Can you elaborate on the last statement and maybe give an example of where that would occur?
Danny
Posts: 1595 | Location: Midlothian, VA, US | Registered: 22 February 2005
It follows from the equation (2) on p.3 and property 2 on p.4 in the referred paper.
In your example, although there are clearly standing out peaks in the PeakVue spectrum, the value of AF=0.25 and less. This is a result of significant noise present in the signal. Noise can also be seen by eyeballing in the expanded PeakVue TWF.

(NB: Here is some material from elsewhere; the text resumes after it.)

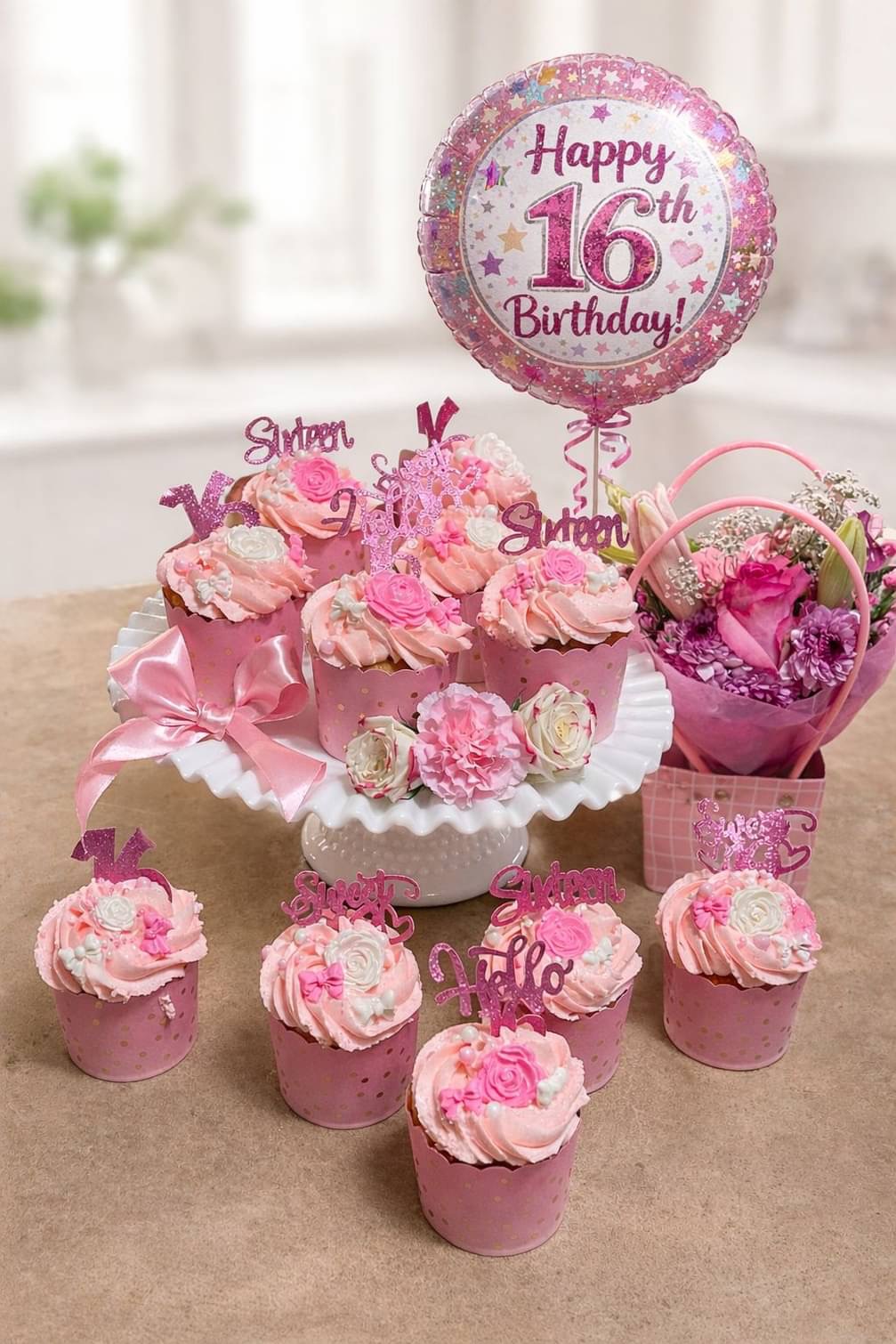 Pink decorated birthday cupcakes with a sixteenth birthday balloon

BTW, one can clearly also see in the AF modulation at 1x. It is also present in the spectrum.
David
Posts: 980 | Location: Texas | Registered: 22 February 2005
Since we have been discussing autocorrelation, I thought I'd throw this in. This fan bearing exhibited elevated high frequency vibration. The TWF shows a once per revolution impact. The Peakview data shows a peak at shaft speed (1041) with another peak at 15562. This is about 15x shaft speed. The autocorrelation plot shows a very strong shaft speed frequency with an additional repetitive frequency at 15360. I believe what all this means is that we have a once per revolution impact in the bearing that is exciting a resonance at at 15562. In this case, the autocorrelation seems to provide the simplest insight into this problem. The shaft speed vibration is very low. There is no indication of looseness. I expect there is a defect in the bearing that is being struck once per revolution.